En réalité chaque être humain fait cette expérience dans sa vie. « Vois : je mets aujourd’hui devant toi la vie et le bonheur, la mort et le malheur. » (Deutéronome 30, 15). Or nous avons parfois des limites qui nous font choisir le malheur. La liberté est plus désirable mais elle peut faire peur parce qu’elle est responsabilité, risque. A peine sortie de l’esclavage « Toute la communauté des fils d’Israël murmura contre Moïse : “[…] au pays d’Egypte nous étions assis près du chaudron de viande, nous mangions du pain à satiété ! Vous nous avez fait sortir dans ce désert pour laisser mourir de faim toute cette assemblée !” » (Exode 16, 2-3). Et puis surtout, le passage de la mer rouge est effrayant, incertain. Sophéap est à l’aise dans son monde étroit parce qu’elle en connaît le moindre recoin. Le monde immense, sans mur, sans frontière, sans limite est bien plus enviable mais si elle traversait, alors durant une période, elle se retrouverait comme entièrement nue, sans cette construction mentale exiguë qui la protège.
Heureusement certains acceptent d’avancer. Sa cousine Sav, sans pour autant quitter le même enfermement, accepta un soir de me suivre. L’invitation à la projection privée d’un film presque monté avait été lancée à tous les comédiens à l’affiche. Chaque invité devait venir avec une autre personne qui puisse formuler des critiques avec un regard extérieur. Sav a une grande confiance en moi mais il fallait qu’elle accepte d’être vue dans la rue en compagnie d’un homme, qu’elle s’autorise un moment de divertissement pour elle-même, qu’elle affronte sa peur de sortir la nuit.
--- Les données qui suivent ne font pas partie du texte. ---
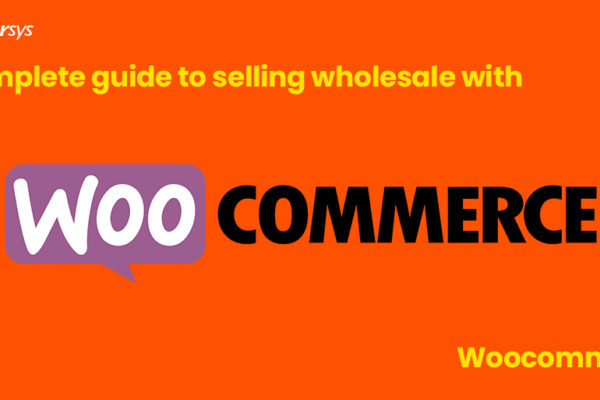 Selling Wholesale with WooCommerce
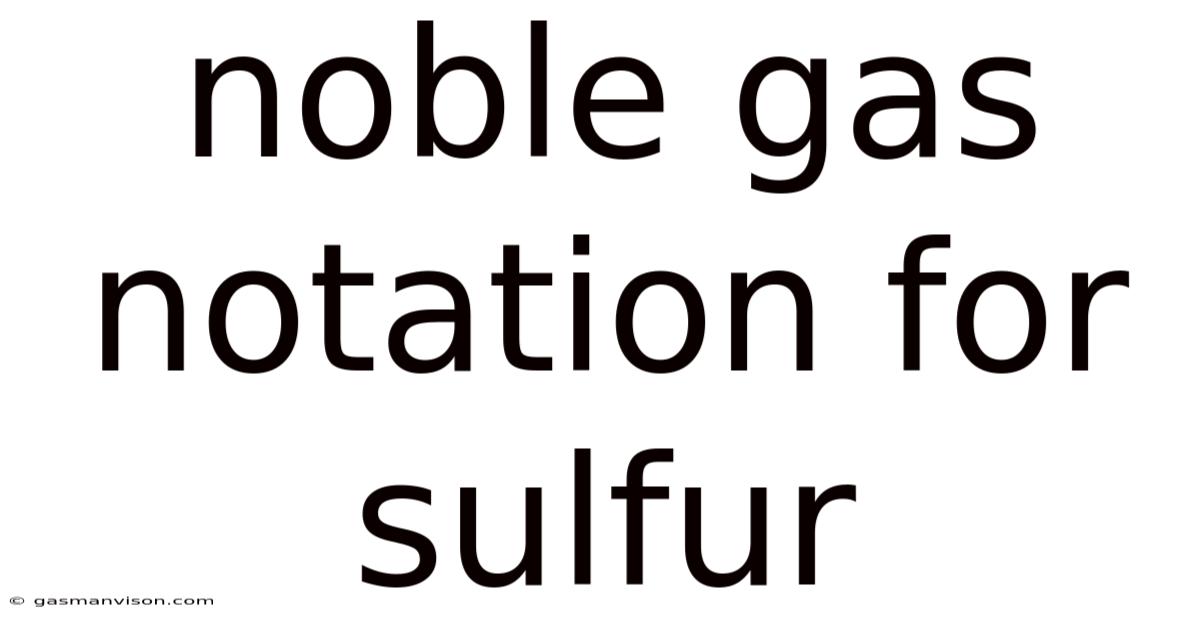 Noble Gas Notation For Sulfur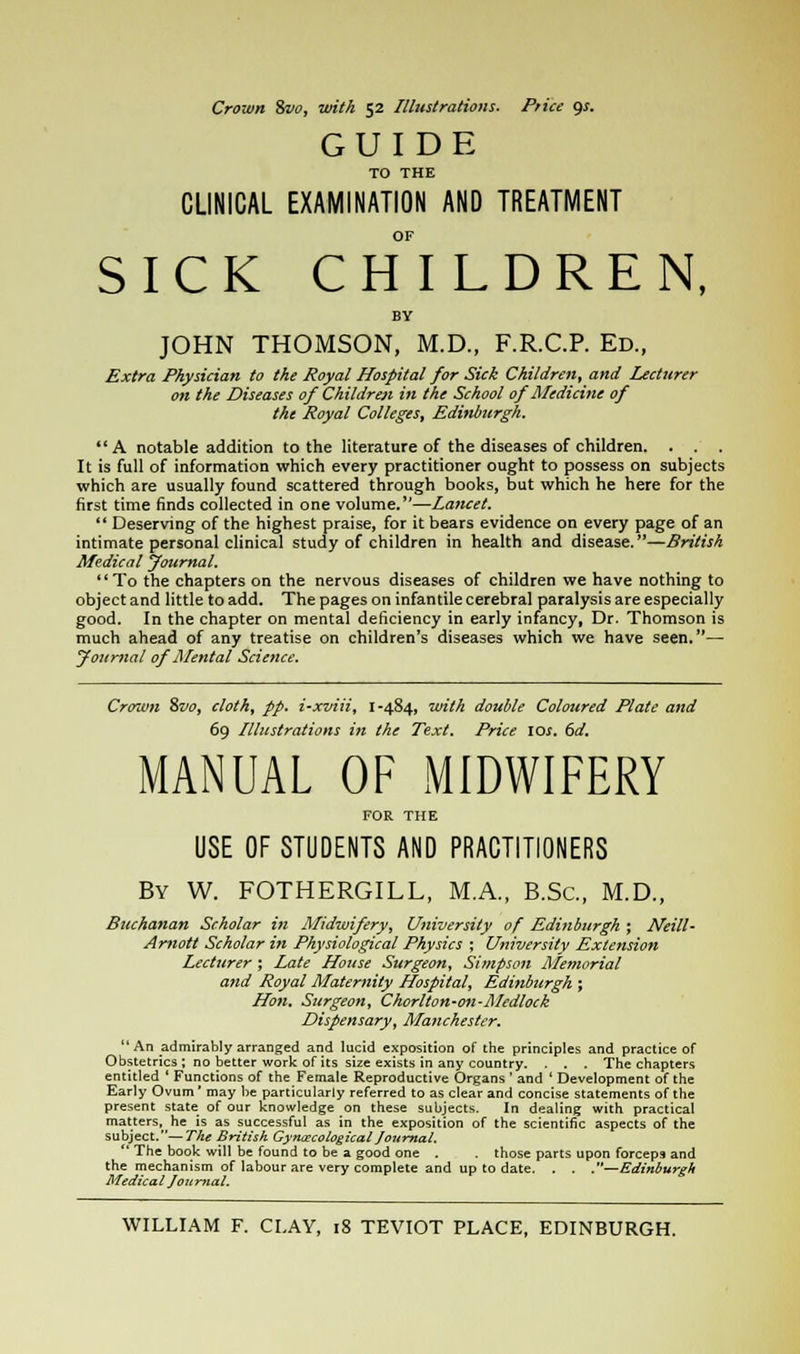 Crown Svo, with 52 Illustrations. Price gs. GUIDE TO THE CLINICAL EXAMINATION AND TREATMENT OF SICK CHILDREN, BY JOHN THOMSON, M.D., F.R.C.P. Ed., Extra Physician to the Royal Hospital for Sick Children, and Lecturer on the Diseases of Children in the School of Medicine of the Royal Colleges, Edinburgh.  A notable addition to the literature of the diseases of children. . . . It is full of information which every practitioner ought to possess on subjects which are usually found scattered through books, but which he here for the first time finds collected in one volume.—Lancet.  Deserving of the highest praise, for it bears evidence on every page of an intimate personal clinical study of children in health and disease.—British Medical jfournal. To the chapters on the nervous diseases of children we have nothing to object and little to add. The pages on infantile cerebral paralysis are especially good. In the chapter on mental deficiency in early infancy, Dr. Thomson is much ahead of any treatise on children's diseases which we have seen.— fournal of Mental Science. Crown %vo, cloth, pp. i-xviii, 1-484, with double Coloured Plate and 69 Illustrations in the Text. Price \os. 6d, MANUAL OF MIDWIFERY FOR THE USE OF STUDENTS AND PRACTITIONERS By W. FOTHERGILL, M.A., B.Sc, M.D., Buchanan Scholar in Midwifery, University of Edinburgh ; Neill- Arnott Scholar in Physiological Physics ; University Extension Lecturer ; Late House Surgeon, Simpson Memorial and Royal Maternity Hospital, Edinburgh ; Hon, Surgeon, Chorlton-on-Medlock Dispensary, Manchester. An admirably arranged and lucid exposition of the principles and practice of Obstetrics; no better work of its size exists in any country. . . . The chapters entitled ' Functions of the Female Reproductive Organs ' and ' Development of the Early Ovum' may be particularly referred to as clear and concise statements of the present state of our knowledge on these subjects. In dealing with practical matters, he is as successful as in the exposition of the scientific aspects of the subject.—The British Gynecological Journal*  The book will be found to be a good one . those parts upon forceps and the mechanism of labour are very complete and up to date. . . .—Edinburgh Medical Joit mat.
Et puis un petit nombre se transforme, passe de l’autre côté de la mer. Sarit a répondu à une invitation de la joc. Petit à petit il s’est mis à sourire. Il a formulé des projets. Il a entrepris une formation. Il a pris confiance en lui. Il a changé d’employeur, s’est mis à travailler de son mieux. Il a voulu s’informer de la réalité du monde, former sa conscience. Il s’est mis debout. Il a commencé à penser par lui-même en faisant preuve d’esprit critique. Il a pris l’habitude d’exprimer ses convictions. Il a pris des responsabilités. Il est devenu acteur de sa vie. Il a pris conscience de ce qu’il valait.